MESA was founded in 1966 to support scholarship and teaching on the Middle East and North Africa. The preeminent organization in the field, the Association publishes the International Journal of Middle East Studies and has nearly 2500 members worldwide. MESA is committed to ensuring academic freedom and freedom of expression, both within the region and in connection with the study of the region in North America and elsewhere.
Dr. Azmi Bishara is a well-known Arab intellectual and political commentator who founded the Arab Center for Research and Policy Studies (ACRPS) in 2010. The Center has at the heart of its research concerns some of the most pressing issues of the day for Arab regional scholars and researchers -- among them, democratic transitions, civil society, sectarianism, and regional conflict. The Center in Doha attracts researchers from across the Middle East/North Africa (MENA) region who seek a scholarly environment that values and promotes free inquiry and serious intellectual exchange. Since its founding, the ACRPS has sponsored countless academic conferences, established several peer-reviewed academic journals and published hundreds of scholarly and policy-relevant monographs. In recent years, it has expanded to include branch offices in Beirut, Tunis and Washington, D.C., where serious research, debate and publications about the MENA region continue to be promoted.
Much of the success of the ACRPS results from the dynamism and intellectual integrity of its founder, Dr. Azmi Bishara. His vision of a democratic, non-sectarian and independent academic environment that values the rich cultures of the region has enabled the ACRPS and, more recently, the Doha Institute of Graduate Studies (DI) – whose Board of Trustees Bishara heads -- to attract academics, researchers and students from across the region, regardless of national origin, ethnicity, religion or sect.
Not surprisingly, such a setting of free inquiry and critical exchange is unwelcome by the region’s autocrats and dictators. Indeed, one need not look far or deeply to find the often brutal dimensions of the violations of academic freedom in many states of the MENA region, from harassment, disappearance, arrests and dismissals to long-term imprisonment, torture, and on occasion, death sentences and execution. [In this regard, you may want to peruse the Committee on Academic Freedom’s letters, available at: https://mesana.org/advocacy/committee-on-academic-freedom].
It is against this backdrop of increasing violations of academic freedom in the region and the ongoing blockade of Qatar by Saudi Arabia and the UAE as well as Egypt and Bahrain, that the serious threat posed by the politically biased and error-riddled piece on Dr. Bishara and the ACRPS by Ms. Shatha Yaish must be viewed.

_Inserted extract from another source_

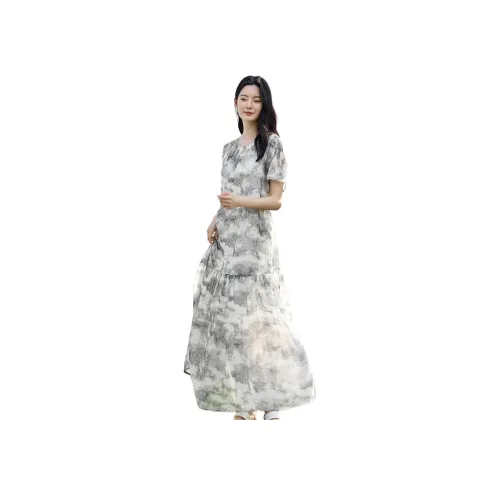 IHIMI Короткий рукав Платье Женское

Maligning, indeed slandering, one of the few centers of academic freedom in the region, along with its founder, puts the AFP in the same camp as the region’s autocrats who seek to stifle free speech and critical inquiry; at the very least, it lends credence to the message and interests of anti-democratic forces. It is, therefore, imperative that the AFP remove the article from its websites and issue an apology to Dr. Bishara and the ACRPS. Furthermore, we encourage the AFP to conduct an internal investigation of how such shoddy journalism could have been published by an otherwise highly respectable organization.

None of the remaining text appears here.